With a few clicks of a computer mouse or a cell phone keyboard TransitTracker solves these problems. Leveraging GPS and wireless technology, Portland allows transit users to get real time updates on how long it will be before the next bus or trolley arrives at any particular station. Riders know whether they missed the bus or whether they have time to pop into a store to pick up a newspaper and a cup of coffee.

But Portland’s innovations go further. Transit officials there have embraced a much more open and transparent way of offering up the information that is flowing through the system. While the operator provides this information on their own web site for users, they also have been extremely accepting of user-developed applications such as Windows desktop “Widgets,” iPhone applications, or web sites which link to just the transit routes that serve a particular neighborhood. Embracing this more “distributed” and open source approach to how the information is used acknowledges that people get their information in different ways and that empowering users is a great way to get innovation out there and make it useful to transit users.
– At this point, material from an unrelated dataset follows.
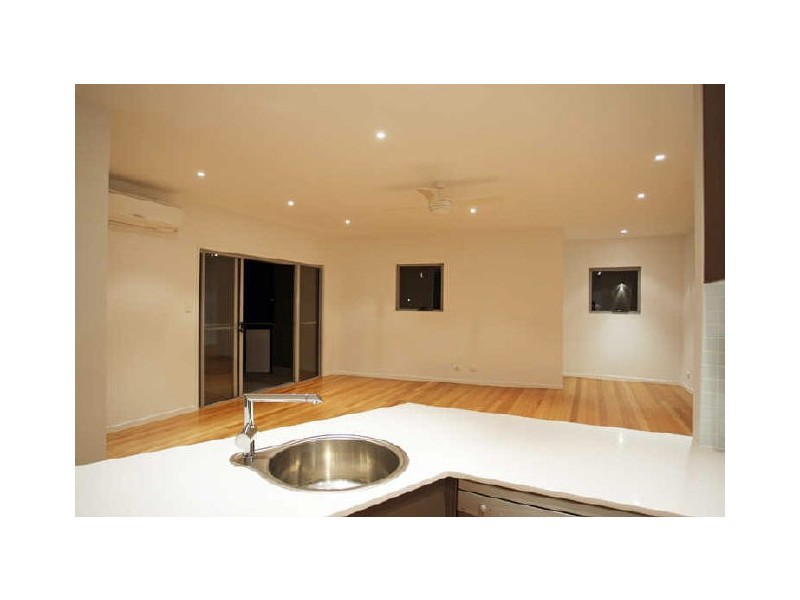 7/11 Wattle Avenue, Bongaree QLD 4507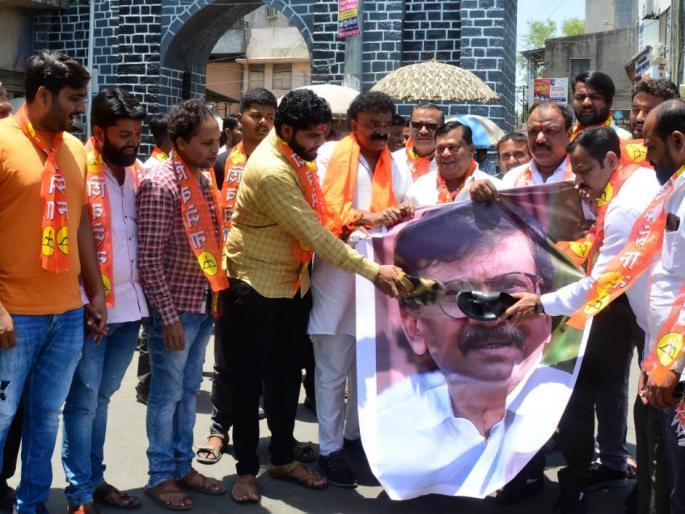 In the ahmednagar, Shiv Sainiks agitation against MP Sanjay Raut | नगरमध्ये शिवसैनिकांनी खासदार संजय राऊत यांच्या प्रतिमेला मारले जोडे In the ahmednagar, Shiv Sainiks agitation against MP Sanjay Raut | नगरमध्ये शिवसैनिकांनी खासदार संजय राऊत यांच्या प्रतिमेला मारले जोडे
And Portland’s approach is not unique. Smart Bus is a company that has developed similar systems for over 50 transit agencies, including AC Transit in Alameda County and SF Muni here in California.

Meanwhile our own local transit system lags. Though “511” is a number that anyone can call to get information about road conditions, information about transit is hard to find. There is neither a web based interface nor support for an “open source” approach to letting others aggregate the data. In many ways, the region has tried to put everything - road, transit, and construction updates - under this one tool and like a committee trying to put together a horse, we have gotten a camel ill-suited for certain jobs.

Increasing transit ridership will ultimately cost money. Greater service options need to be made available and new infrastructure constructed. In the short term, however, leveraging technology in a manner similar to Portland is a cost-effective way of increasing the percentage of commuters who choose to ride buses, trains and trolleys. It is past time that San Diegans look at this best practice and build off its success.